Go through the listing below, and from the line containing "我这是湿毒！！！！拔罐30秒就紫了我晕 ​​​" through its last line, transcribe every line exactly, skipping pictures.

Given material:
§

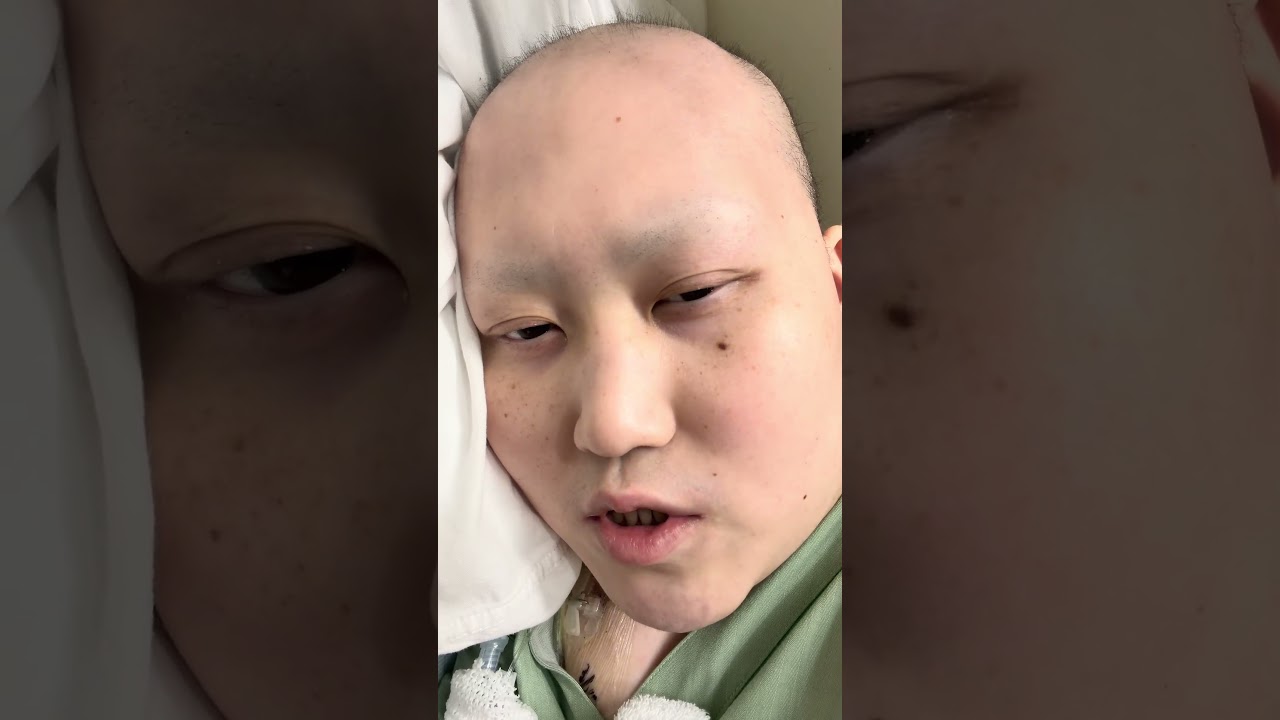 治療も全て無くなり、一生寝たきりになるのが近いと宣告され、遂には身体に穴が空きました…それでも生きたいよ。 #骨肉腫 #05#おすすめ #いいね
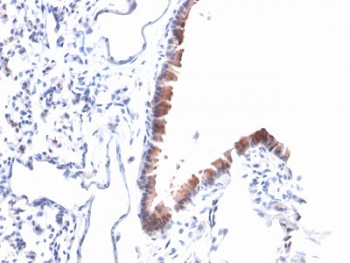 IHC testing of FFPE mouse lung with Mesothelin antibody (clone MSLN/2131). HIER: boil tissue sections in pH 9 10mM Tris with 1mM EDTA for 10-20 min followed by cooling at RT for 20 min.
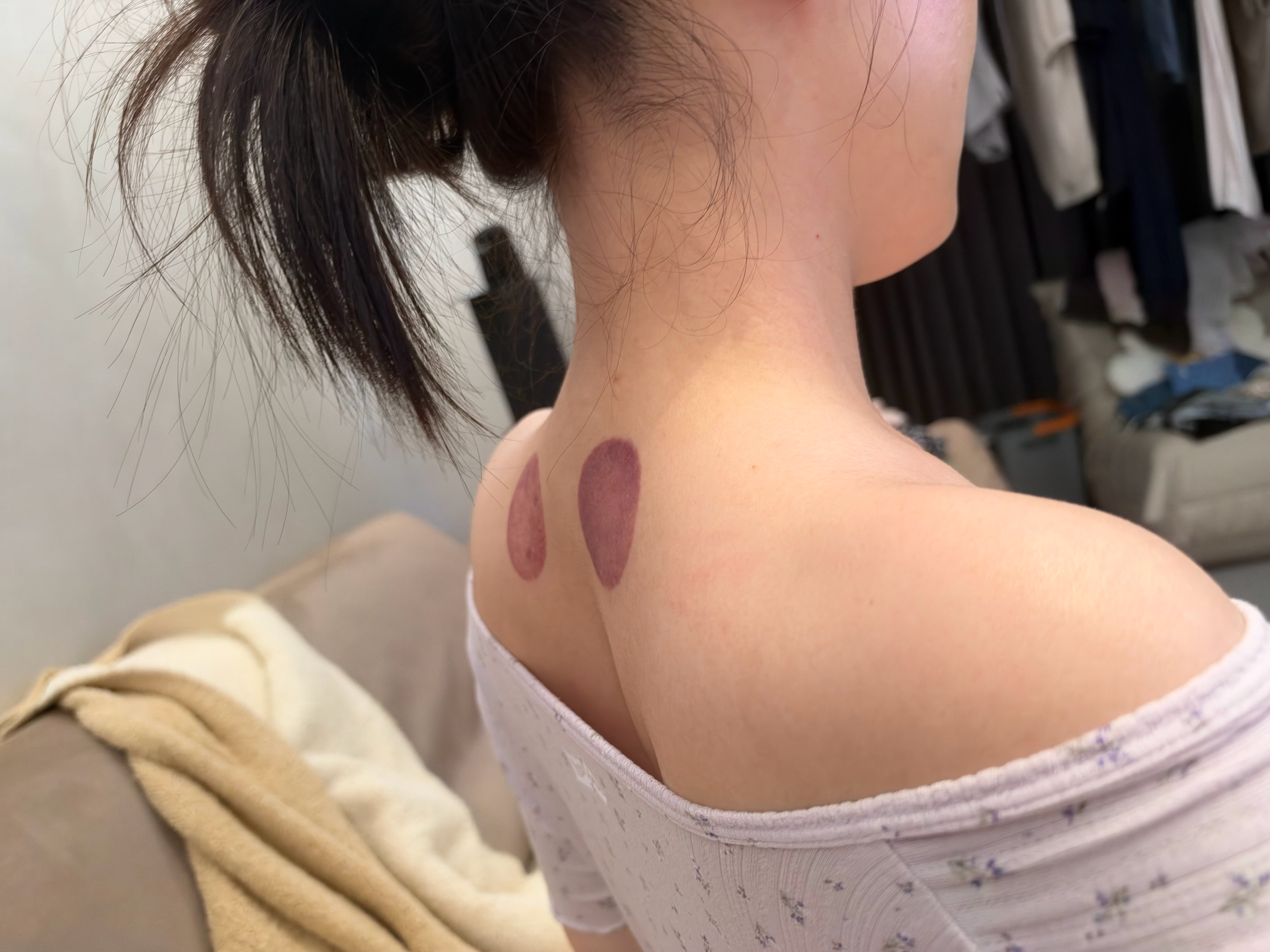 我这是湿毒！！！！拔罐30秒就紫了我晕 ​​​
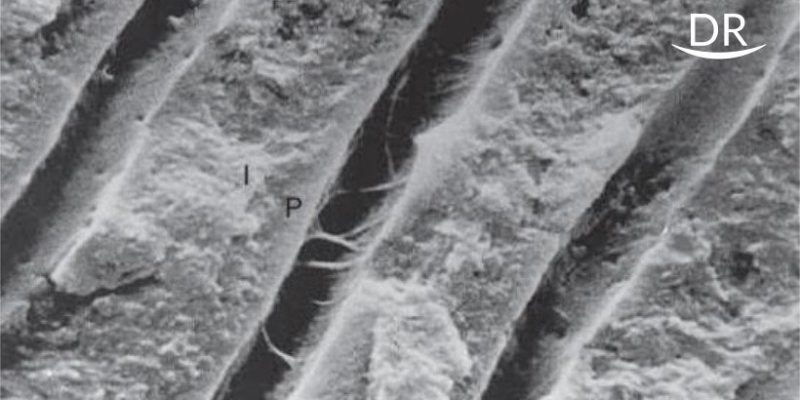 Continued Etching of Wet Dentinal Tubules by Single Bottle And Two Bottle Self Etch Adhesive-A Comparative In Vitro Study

§

Solution for this problem:
 我这是湿毒！！！！拔罐30秒就紫了我晕 ​​​
 Continued Etching of Wet Dentinal Tubules by Single Bottle And Two Bottle Self Etch Adhesive-A Comparative In Vitro Study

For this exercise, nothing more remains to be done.